INSTRUCTIONS TO STAFF 340:10-3-32
1. A person acting in the role of spouse per Oklahoma Administrative Code
(OAC) 340:10-3-57(e)(3) must not be considered as a roomer or boarder.
2. When the client does not manage the rental property, it is considered unearned self-employment. The client is then entitled to have 50 percent of his or her business expenses subtracted from the income, but is not eligible for a work related expense deduction.
3. (a) The worker divides the person's self-employment income by 12, or the number of months the business has existed when less than 12 months, to determine monthly self-employment income. When the gross self-employment income shown on the income tax return or business records is not representative of the person's current situation because of a substantial increase or decrease in the person's self employment income, refer to (2)(C) of this Section.
(b) When the person did not incur business expenses, the worker does not subtract 50 percent of the person's gross self-employment income as business expenses.
(c) Self-employment income tax return forms include, but are not limited to:
(1) Form 1040 with Schedule C for sole proprietors and some limited liability companies;
(2) Form 1065 with Schedule 8865 K-1 for partnerships;
(3) Form 1120-S with Schedule K-1 for S corporations; or
(4) Form 1040 with Schedule F for farmers.
(d) After determining the person's net monthly self-employment income, the worker subtracts applicable earned income deductions per
4. Examples of self-employment income calculations include, when:
(1) a crop farmer does not receive income from crops every month, but this income represents the farmer's annual support. Income from this source is averaged over a 12-month period; or
(2) self-employment income was received from February 18 to the application month of November, the income is averaged for nine months, February through October. It is correct to count the first month of income received through the last complete month when computing an annualized figure for new self-employment income.
5. (a) When the person is considered self-employed as a contract laborer, receives a set salary that does not vary, and has been employed for a period of time where sufficient data is available from the employer to make a reasonable income projection but not sufficient data to annualize income, earnings are anticipated by multiplying the amount received by the appropriate conversion factor. For example, the person begins a new self-employment contract labor job. He or she works 40 hours per week at $10 per hour. He or she has received two weekly checks in the amount of $400 each. The month is not over, but the employer states the person will continue to be paid $400 per week. It is correct to use $400 X 4.3 to anticipate the person's monthly income.

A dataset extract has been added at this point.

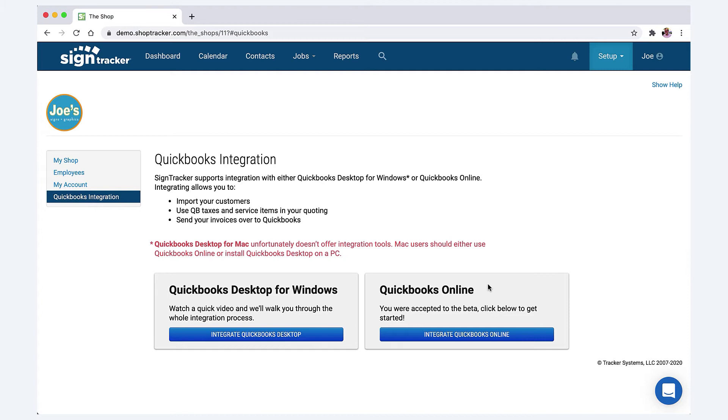When you send that over to QuickBooks, it'll take that contact information and set up a new customer for you in QuickBooks, as well as bring over all the information from the sold contract. If for whatever reason you decided to not use SignTracker in the future, you would just disconnect.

(b) At renewal, the worker averages the income over the number of months received until a full year's information is available.
6. When the employer adds money to the employee's gross income as a benefit allowance to pay for a reimbursable expense, such as insurance, the worker counts the regular gross earnings plus any excess money left after deducting the insurance or other reimbursable expense from the benefit allowance. For example, when a person:
(1) receives a $300 benefit allowance to purchase insurance and uses the entire amount to purchase the insurance, none of the benefit allowance is counted as income;
(2) receives a $300 benefit allowance but only purchases $280 in insurance, the worker counts the remaining $20 as income; or
(3) has an option of purchasing insurance with a $300 benefit allowance if insurance is purchased or $150 if insurance is not purchased, the worker counts the $150 as an excess benefit allowance when the person chooses not to purchase insurance.
7. (a) Refer to
OAC 340:10-3-31 to determine when contract income is considered self-employment income. Refer to
OAC 340:10-3-32(1) when self-employment rules apply.
(b) Income from contract employment received by persons, such as school employees is annualized over a 12-month period even when the income is received over a period of time shorter than 12 months.